To prepare for the workshops, CivicFutures graduate and undergraduate students with backgrounds in environmental economics, science and technology policy, sustainability, conservation biology, and ecology conducted three months of background research. Three workshops, each four hours in length, were held in August, September, and October 2018. Workshops were audio recorded, transcribed, and open-coded using MAXQDA software for later discourse analysis purposes. The three workshops respectively focused on: 1) articulating the broad range of concerns participants had about helium extraction; 2) refocusing concerns into problem statements, and again into pertinent research questions; and 3) proposing appropriate action items that NFAZ could execute to forward their organizational objectives. A total of 32 individual residents from the Holbrook Basin attended the workshops. All participants were NFAZ members serving on one or more of the organization’s several emerging working committees. These included ones addressing educational programming, public outreach, volunteer recruitment, fundraising, legal actions, regulatory engagement, and scientific research. The priorities of these committees also informed the overall structure and objectives of the workshops.

Workshop One: Scoping the Problem, Articulating Concerns

Our first workshop began by identifying the problem at hand—making sense of the complexities of helium extraction in the Holbrook Basin—then articulating how those complexities related to a broad range of issues relevant to NFAZ members and their extended community. This afforded an open platform for raising questions and concerns about the industry without imposing topical constraints. Ideas were written in brief phrases on Post-It® notes, which were then scattered across the room for the group to digest. In the discussion phase, participants reviewed each Post-It® note, raising questions and asking for clarification, which were then answered by fellow workshop participants. For instance, one participant described their concern as “Fracking—coming to a town near you,” which sparked conversations about how to prevent extraction from coming to the region.

Participants also expressed concern about how to identify which government agencies control land use policies in the region and dictated various permit requirements. Governance concerns evolved into questions about the agendas of agency stakeholders and newly elected local officials. As one participant commented, “we will have new representatives coming and we will need to educate them.” Two additional concerns then focused on potential conflicts of interests and the amount of unilateral power held by the Governor’s office to determine rural economic development in Arizona. In this way, our discussions operated in an iterative cycle until the group felt all issues had been raised.

Workshop One produced a total of 55 questions and concerns, covering a broad base of topics related to how helium is extracted, its potential environmental and health effects, who are the invested stakeholders in the helium boom, and why the Holbrook Basin is a target for helium extraction.
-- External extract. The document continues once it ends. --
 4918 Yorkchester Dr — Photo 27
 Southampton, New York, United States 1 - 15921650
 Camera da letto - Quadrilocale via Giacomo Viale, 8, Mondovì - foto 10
Clear social learning patterns emerged in the workshop, both amongst NFAZ members, as well as in the knowledge transactions between NFAZ and CivicFutures. Questions such as “how is helium extracted,” “what gas comes out of helium wells,” and “what economics are driving helium extraction?” offered opportunities for CivicFutures to share knowledge and resources gleaned from the team’s preliminary research in a less structured, dialogical manner. For instance, CivicFutures directed the group to resources on agency websites useful for determining land ownership and where to find regulatory statutes. In return, NFAZ’s articulations of quality-of-life concerns, identifying locally sensitive areas, and stressing the importance of protecting water supplies, helped CivicFutures better situate its research in the personal experiences of those living in the Holbrook Basin. NFAZ’s research committee was of particular importance to this bi-directional knowledge sharing process. The committee had gathered vast amounts of documents related to the helium industry leading up to the workshops that were readily inserted into the dialogical process. Ultimately, Workshop One initiated a process of realizing how the helium boom might have deleterious effects on a core set of values held by NFAZ, including one’s right to bodily health, sense of place, and care for the environment. In this way, NFAZ and CivicFutures mutually benefited from the social learning process. Rather than reinforcing the deficit model of public understanding of science, a community of practice emerged with the shared goal of expanding our mutual knowledge of helium extraction.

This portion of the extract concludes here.